The material below holds pictures; leave them out, and copy exactly, and only, the lines from the one with "cover page, A" through the last.

## STORED DATA

______________________________

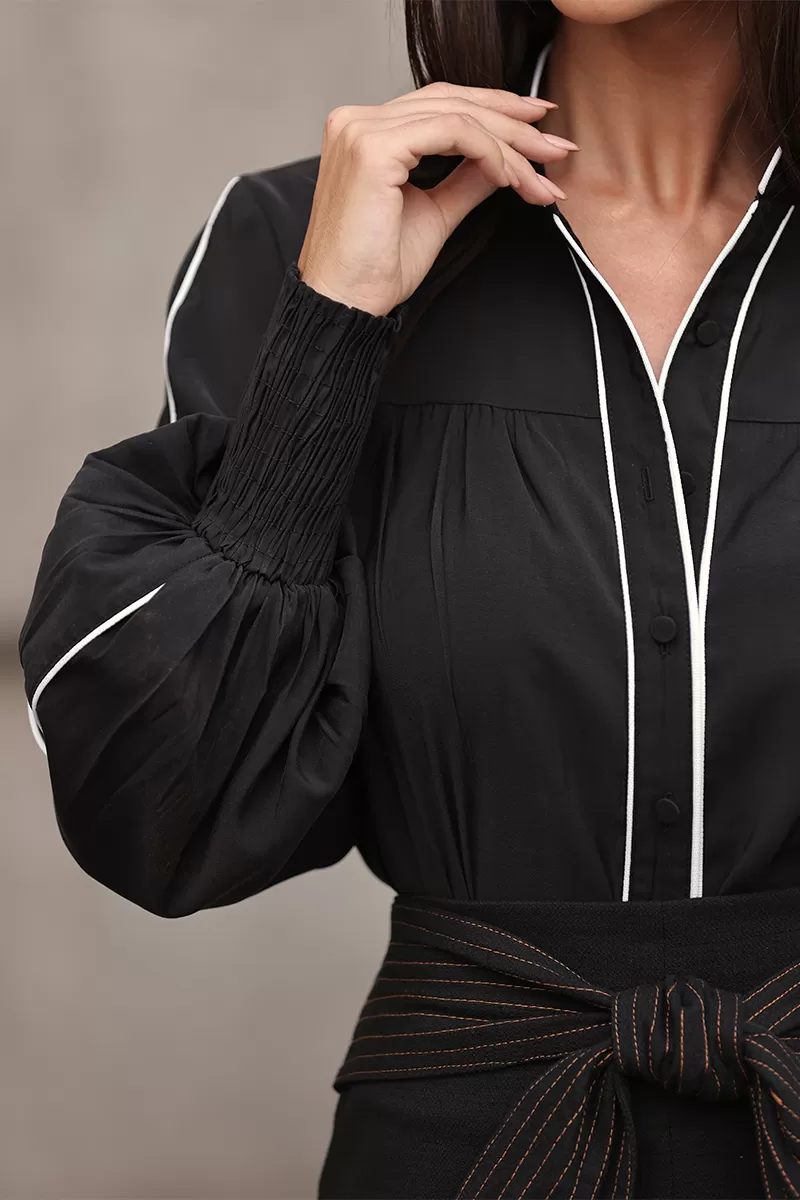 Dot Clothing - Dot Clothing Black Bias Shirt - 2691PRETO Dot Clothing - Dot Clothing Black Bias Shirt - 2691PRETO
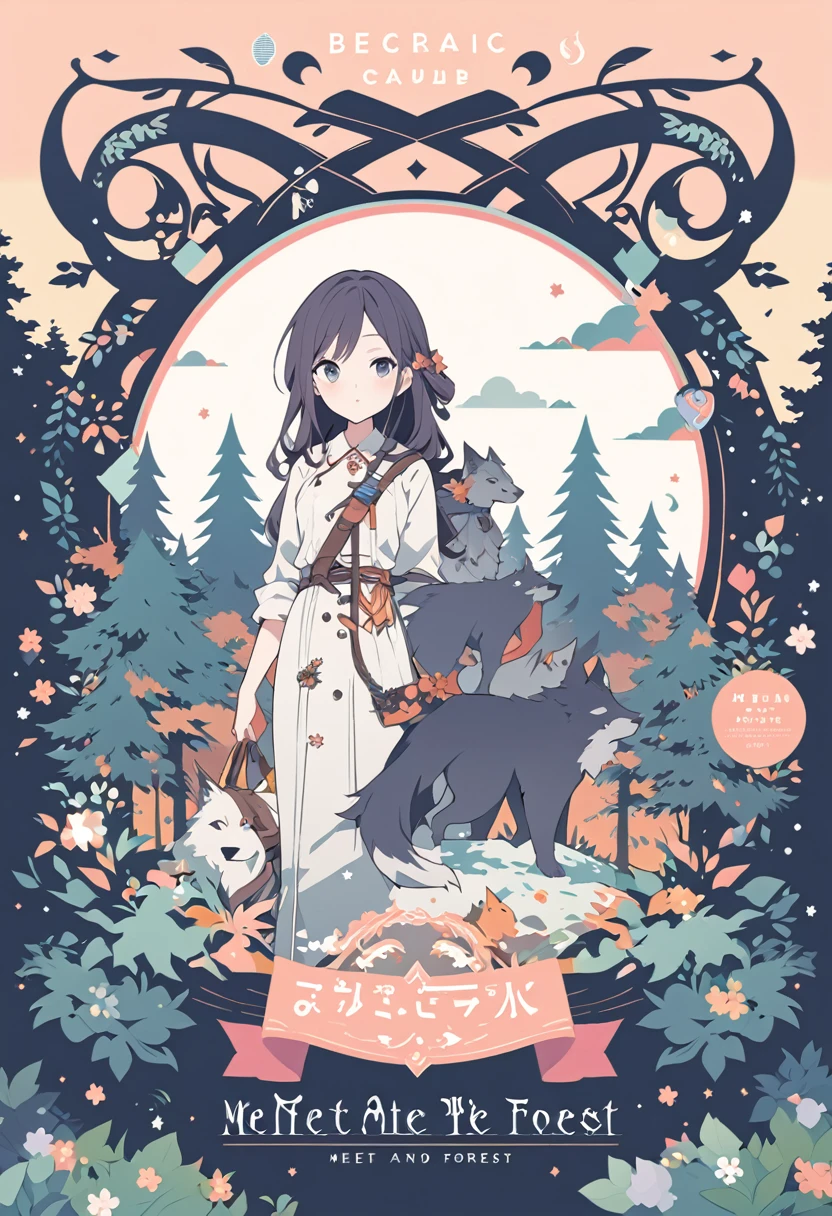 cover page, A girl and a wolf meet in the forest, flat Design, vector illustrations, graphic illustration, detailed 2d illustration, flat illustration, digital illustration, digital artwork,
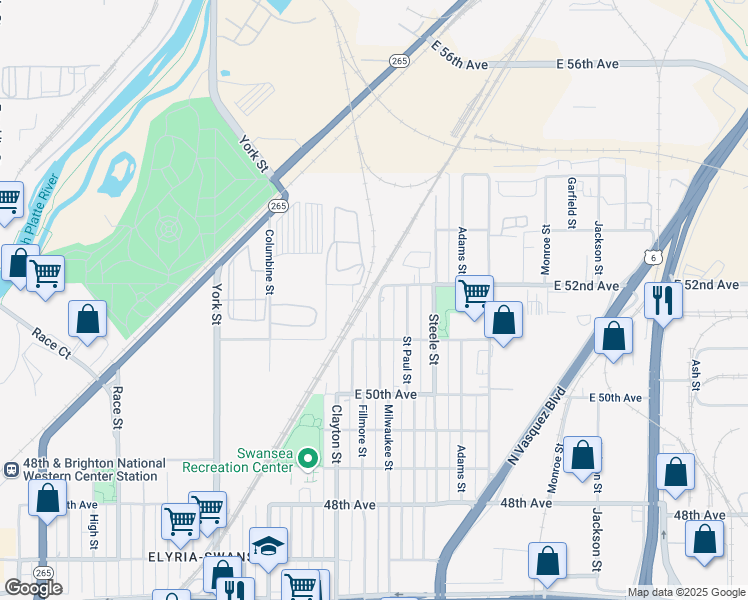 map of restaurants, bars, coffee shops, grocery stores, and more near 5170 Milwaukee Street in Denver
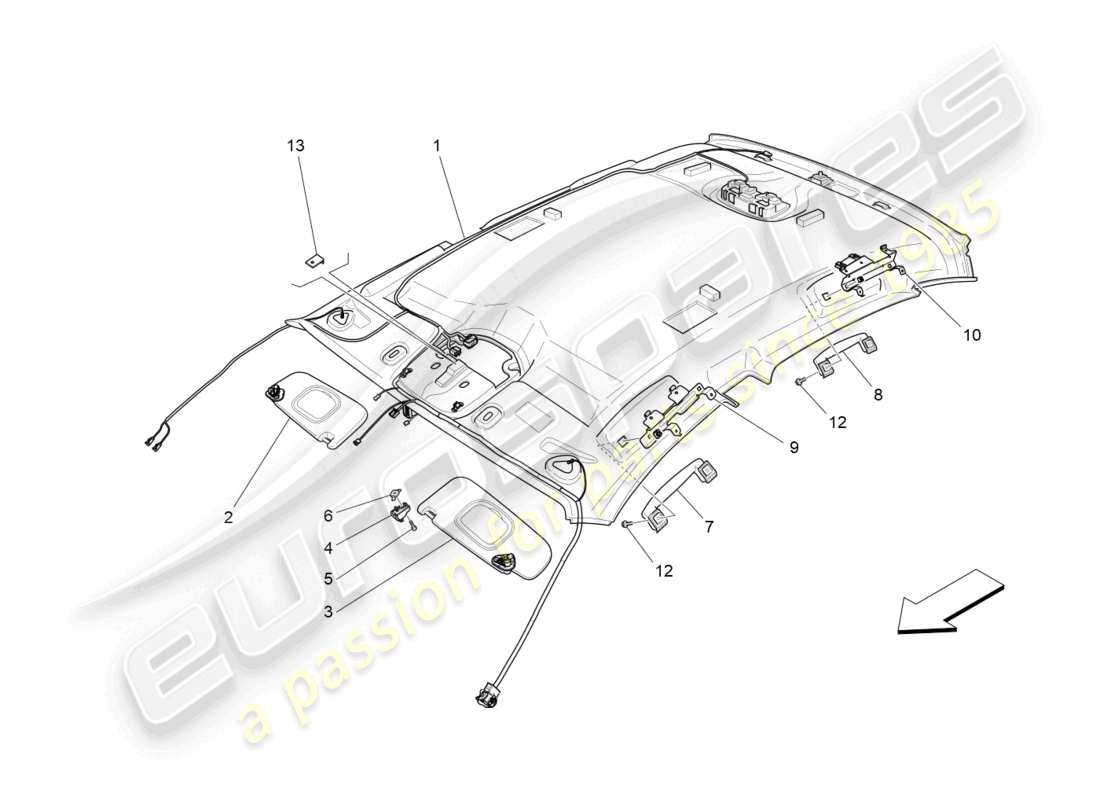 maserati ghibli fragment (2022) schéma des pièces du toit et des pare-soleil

______________________________

## RESULT
 cover page, A girl and a wolf meet in the forest, flat Design, vector illustrations, graphic illustration, detailed 2d illustration, flat illustration, digital illustration, digital artwork,
 map of restaurants, bars, coffee shops, grocery stores, and more near 5170 Milwaukee Street in Denver
 maserati ghibli fragment (2022) schéma des pièces du toit et des pare-soleil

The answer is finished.